> [Instructions for the task] Below are lines of data, and only some are wanted. Please repeat exactly those from the line that has "Derain, Andrè - Valley of the Lot at Vers" through the line that has "Programa de televisión Punto de Encuentro".

> [Information given]

== Segment start ==

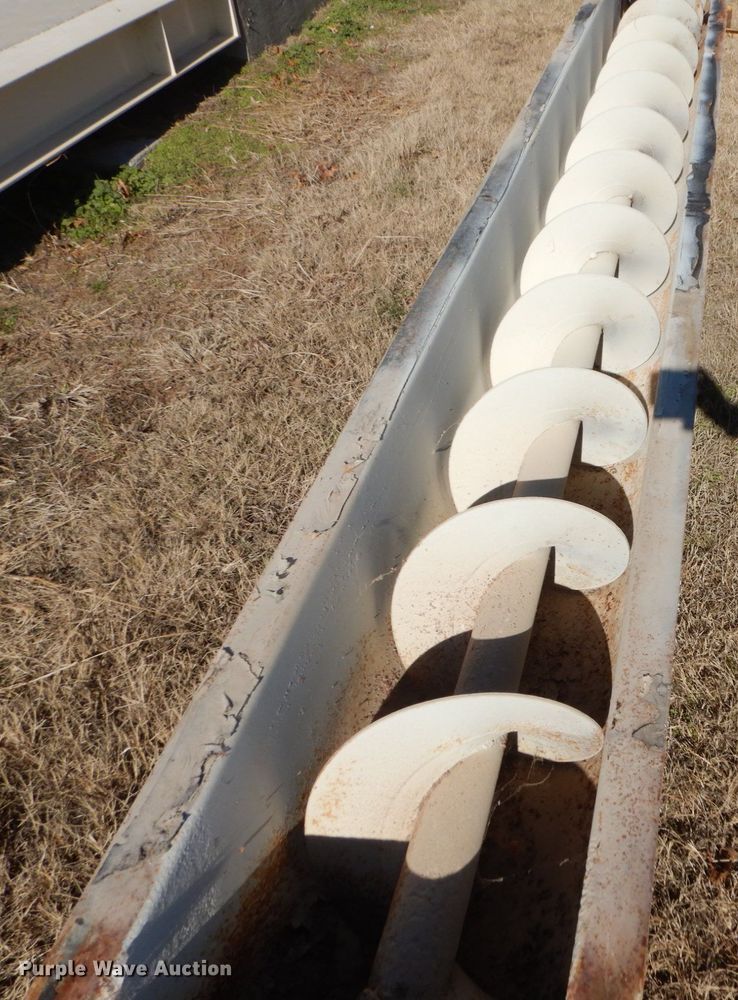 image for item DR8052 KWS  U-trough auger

== Segment end ==
== Segment start ==

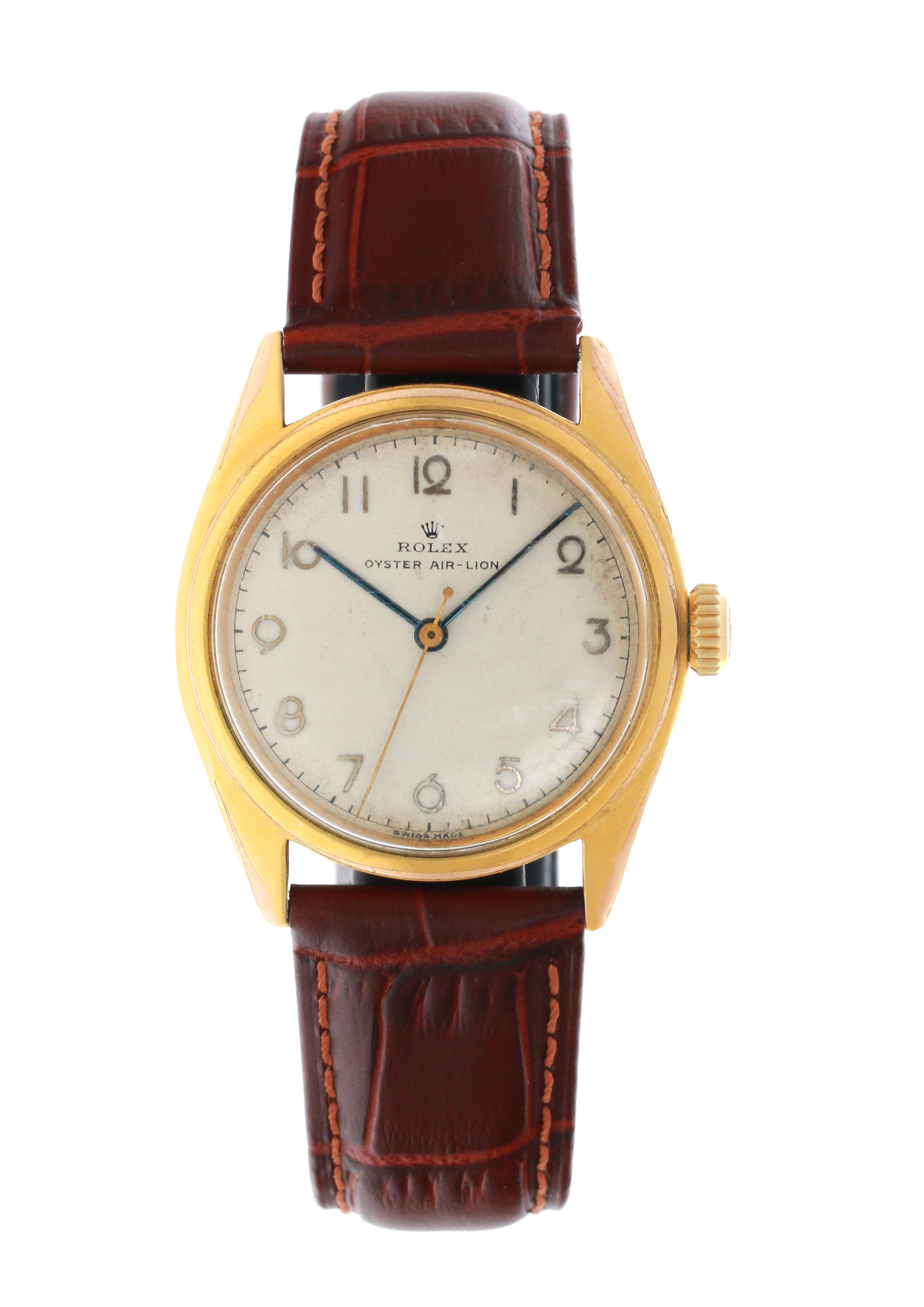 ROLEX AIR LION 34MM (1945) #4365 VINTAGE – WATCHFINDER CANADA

== Segment end ==
== Segment start ==

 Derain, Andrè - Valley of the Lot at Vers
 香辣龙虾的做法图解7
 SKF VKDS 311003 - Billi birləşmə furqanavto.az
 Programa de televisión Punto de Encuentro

== Segment end ==

> [Exercise solution]
 Derain, Andrè - Valley of the Lot at Vers
 香辣龙虾的做法图解7
 SKF VKDS 311003 - Billi birləşmə furqanavto.az
 Programa de televisión Punto de Encuentro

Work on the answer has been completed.